David Fincher seems to have realized a few cherished ambitions here. The first would be to film a screenplay by his late father Jack Fincher (augmented here and there); another would be to make a film about the studio era which in itself is a refined imitation of studio era craft. Mank is not intended to be realistic. This is a fiction film, which means that a lot of the events didn’t happen the way they are depicted, and even more of them didn’t happen at all. And for some, that’s enough to disqualify this movie from any critical esteem. I usually tend that way myself when a film treats historical figures. But in this case, Fincher is performing an act of subversion. He uses classic film technique to undermine the conventions of classic film and to satirize the sacred cows of the Hollywood studio era.

In the flashbacks, we see Mank cultivating a tender and sympathetic relationship with the actress Marion Davies (played by Amanda Seyfried), the real-life lover of William Randolph Hearst. In fact, that’s how he gets to know Hearst. So one of the film’s questions is, why would Mank write such a scathing portrait of Hearst, who had treated him fairly well, invited him to his parties, and so forth? Fincher’s answer has more to do with the hypocrisy of 1930s Hollywood than with the real Mank and Davies. The film dovetails the Citizen Kane theme with the infamous 1934 California Governor’s race, in which Hearst and MGM studio chief L.B. Mayer financed a campaign to defeat the Democratic candidate, Upton Sinclair, who was a socialist. Sinclair represents a future that was prevented from happening, a theme that resonates with our current predicament.

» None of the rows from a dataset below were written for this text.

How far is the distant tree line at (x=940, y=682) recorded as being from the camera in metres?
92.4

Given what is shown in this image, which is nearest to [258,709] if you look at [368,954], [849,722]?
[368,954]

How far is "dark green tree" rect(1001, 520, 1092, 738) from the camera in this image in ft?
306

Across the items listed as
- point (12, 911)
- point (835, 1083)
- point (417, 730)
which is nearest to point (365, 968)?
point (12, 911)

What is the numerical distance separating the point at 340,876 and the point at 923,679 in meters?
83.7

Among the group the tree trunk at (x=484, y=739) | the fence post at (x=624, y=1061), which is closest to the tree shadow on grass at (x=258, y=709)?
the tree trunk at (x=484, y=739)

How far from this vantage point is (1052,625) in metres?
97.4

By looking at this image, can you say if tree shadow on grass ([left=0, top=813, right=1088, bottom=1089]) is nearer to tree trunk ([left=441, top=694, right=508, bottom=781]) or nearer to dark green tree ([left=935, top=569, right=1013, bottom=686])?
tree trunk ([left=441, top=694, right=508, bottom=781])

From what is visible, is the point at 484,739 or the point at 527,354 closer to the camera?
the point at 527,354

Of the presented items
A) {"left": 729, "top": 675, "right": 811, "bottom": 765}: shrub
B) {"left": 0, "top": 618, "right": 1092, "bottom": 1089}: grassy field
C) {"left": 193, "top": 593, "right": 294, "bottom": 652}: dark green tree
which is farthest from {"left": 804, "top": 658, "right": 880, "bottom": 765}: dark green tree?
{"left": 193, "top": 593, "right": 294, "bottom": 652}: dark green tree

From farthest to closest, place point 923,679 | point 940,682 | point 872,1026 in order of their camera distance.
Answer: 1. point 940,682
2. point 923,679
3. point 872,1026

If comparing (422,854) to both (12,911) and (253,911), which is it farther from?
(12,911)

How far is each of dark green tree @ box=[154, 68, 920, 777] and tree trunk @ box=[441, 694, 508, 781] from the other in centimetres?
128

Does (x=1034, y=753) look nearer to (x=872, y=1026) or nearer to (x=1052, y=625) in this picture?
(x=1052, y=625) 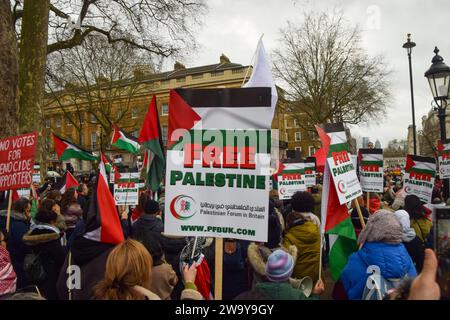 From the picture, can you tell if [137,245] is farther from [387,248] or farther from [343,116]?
[343,116]

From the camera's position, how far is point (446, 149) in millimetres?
7941

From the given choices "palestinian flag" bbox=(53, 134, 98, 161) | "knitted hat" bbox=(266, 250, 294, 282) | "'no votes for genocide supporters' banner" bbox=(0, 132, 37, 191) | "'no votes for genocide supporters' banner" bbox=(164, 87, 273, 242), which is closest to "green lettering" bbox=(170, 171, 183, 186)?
"'no votes for genocide supporters' banner" bbox=(164, 87, 273, 242)

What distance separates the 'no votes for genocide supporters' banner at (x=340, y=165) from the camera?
161 inches

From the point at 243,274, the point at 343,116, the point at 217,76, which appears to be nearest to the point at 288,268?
the point at 243,274

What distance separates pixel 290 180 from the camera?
963cm

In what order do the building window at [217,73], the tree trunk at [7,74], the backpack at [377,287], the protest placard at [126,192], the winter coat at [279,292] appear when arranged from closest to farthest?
the winter coat at [279,292], the backpack at [377,287], the protest placard at [126,192], the tree trunk at [7,74], the building window at [217,73]

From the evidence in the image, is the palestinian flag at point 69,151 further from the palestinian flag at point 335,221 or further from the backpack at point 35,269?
the palestinian flag at point 335,221

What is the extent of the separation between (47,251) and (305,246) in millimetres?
2840

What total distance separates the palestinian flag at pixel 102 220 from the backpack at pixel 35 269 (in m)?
0.93

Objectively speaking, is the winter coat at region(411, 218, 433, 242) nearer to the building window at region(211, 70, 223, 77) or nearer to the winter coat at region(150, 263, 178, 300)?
the winter coat at region(150, 263, 178, 300)

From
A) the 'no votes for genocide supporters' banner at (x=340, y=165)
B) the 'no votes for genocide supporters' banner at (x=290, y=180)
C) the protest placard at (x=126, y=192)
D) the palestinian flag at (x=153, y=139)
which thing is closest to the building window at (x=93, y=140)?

The decision to film in black and white is crucial to the picture’s overall effect. Mank has a spectral, twilight quality throughout, a sensation of distilled and dreamlike memory. More than anything else, it is the shadowy look of this movie that will haunt you. The point of view is not nostalgic at all, but bitter. Fincher’s vision of Hollywood is that of a reactionary force, and he brings Mankiewicz into that equation as the tired and weary conscience of that old world. Just as classic Hollywood films presented a version of American life that was mainly fantasy, so Fincher presents a counter-fantasy with his sharply critical version of old Hollywood.

Mank, as it turns out, is a dark film with an almost despairing vision of life. The dialogue is witty and razor sharp, with an attitude that can best be described as defiant. Drawn in by the film’s complex fictional world, we are challenged to take a critical stance against the very art form by which we’re being seduced.